### The data
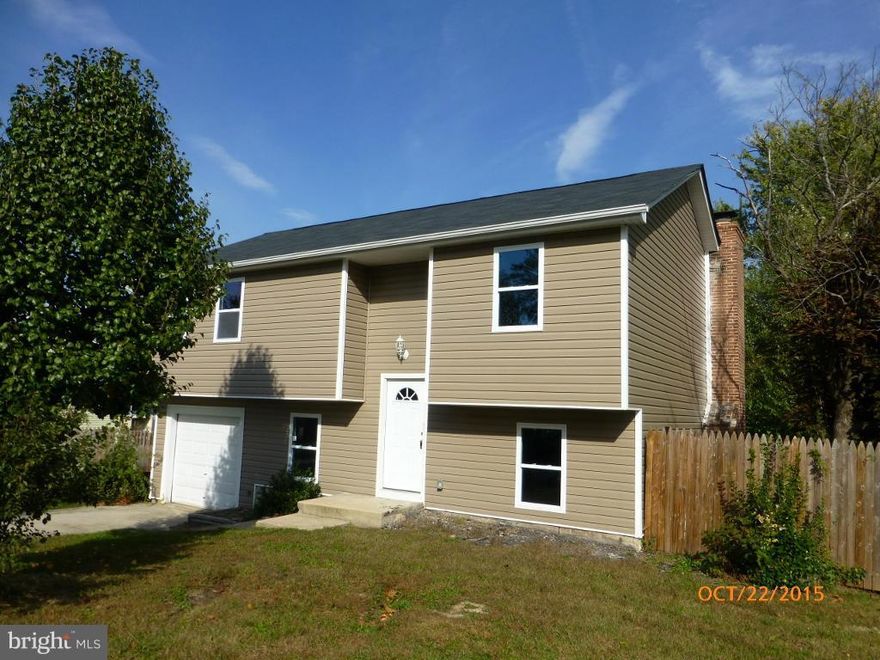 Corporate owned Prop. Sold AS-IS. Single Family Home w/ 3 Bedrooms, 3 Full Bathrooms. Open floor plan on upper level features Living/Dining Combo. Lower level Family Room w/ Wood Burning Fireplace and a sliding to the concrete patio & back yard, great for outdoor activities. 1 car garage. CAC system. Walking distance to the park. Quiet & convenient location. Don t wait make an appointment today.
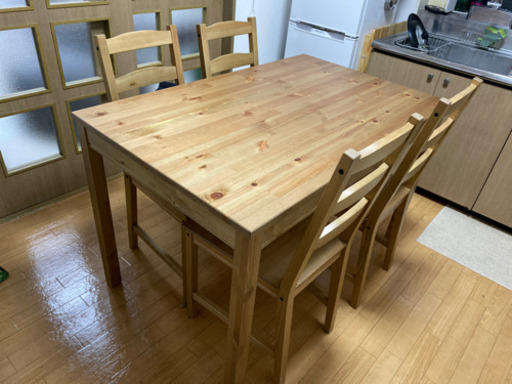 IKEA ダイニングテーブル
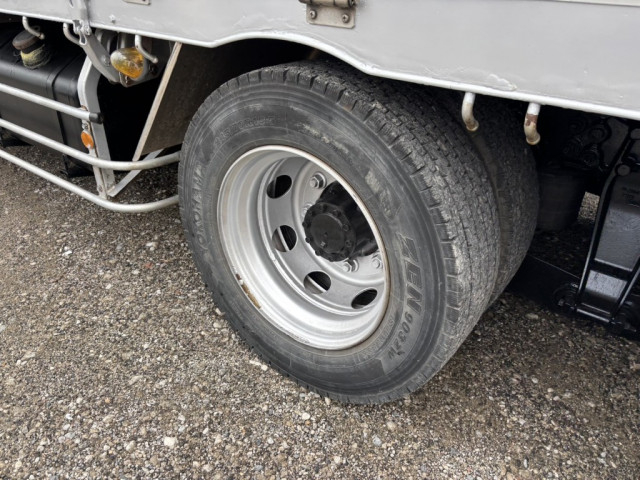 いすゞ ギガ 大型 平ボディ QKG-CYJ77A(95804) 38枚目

### Task directions
Please print the span that begins at the line holding "IKEA ダイニングテーブル" and ends at the last line of the data, both ends included, with no pictures.

### Output below
 IKEA ダイニングテーブル
 いすゞ ギガ 大型 平ボディ QKG-CYJ77A(95804) 38枚目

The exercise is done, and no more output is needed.